## THE DATA

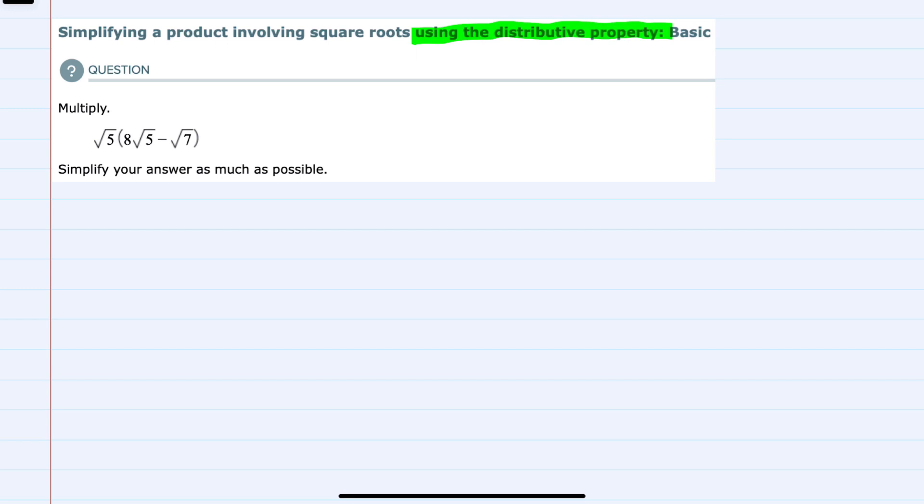And for this problem, we see we have a single term outside the parentheses being multiplied by two terms inside the parentheses.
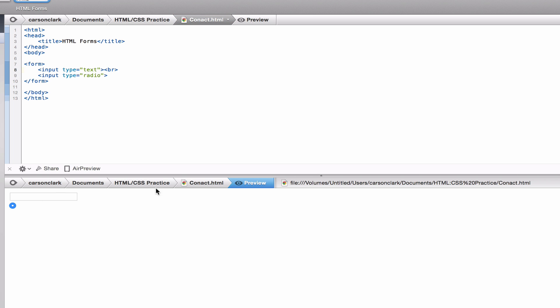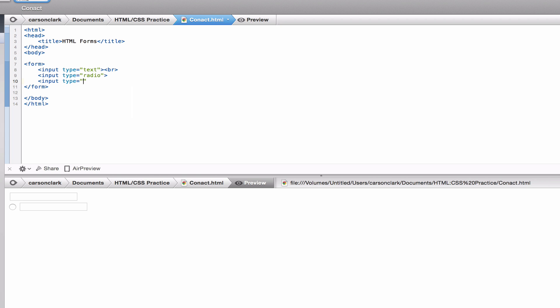The third type of input element we're talking about is submit. We type 'input type' and set it equal to 'submit'. Now we can see a submit button right here.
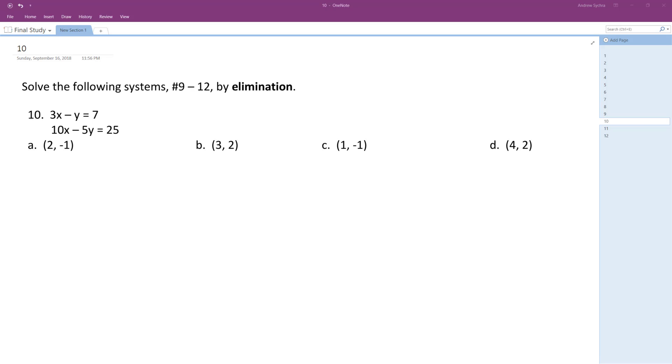The way I'm going to choose to do it is I'm going to multiply the top equation by negative 5, and that way I get plus 5y on top, and then I'm going to add the two equations together.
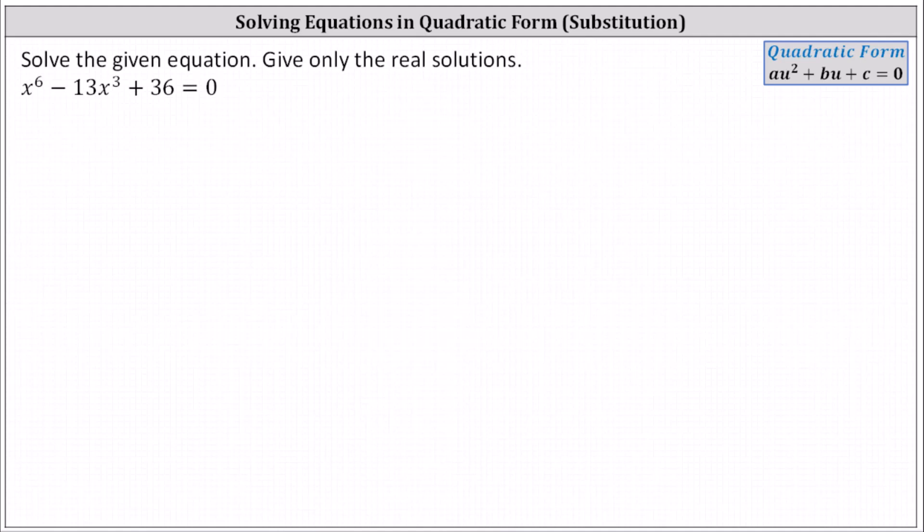We're asked to solve the given equation and give only the real solutions. We are given x to the sixth minus 13x cubed plus 36 equals zero. Notice the equation is degree six — it's not a quadratic, but it does resemble a quadratic equation using the variable u in the form au squared plus bu plus c equals zero.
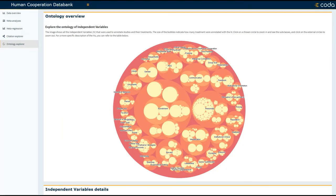This is a tutorial on how you can use the ontology visualization tool to learn about the variables that have been used to predict cooperation in past research.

## ACTIVITY
Your response should consist solely of the lines from the line with "The way I'm" through the last line of the entries above, printed exactly and without pictures.

## SOLUTION FOR THIS EXERCISE
The way I'm going to choose to do it is I'm going to multiply the top equation by negative 5, and that way I get plus 5y on top, and then I'm going to add the two equations together.
We're asked to solve the given equation and give only the real solutions. We are given x to the sixth minus 13x cubed plus 36 equals zero. Notice the equation is degree six — it's not a quadratic, but it does resemble a quadratic equation using the variable u in the form au squared plus bu plus c equals zero.
This is a tutorial on how you can use the ontology visualization tool to learn about the variables that have been used to predict cooperation in past research.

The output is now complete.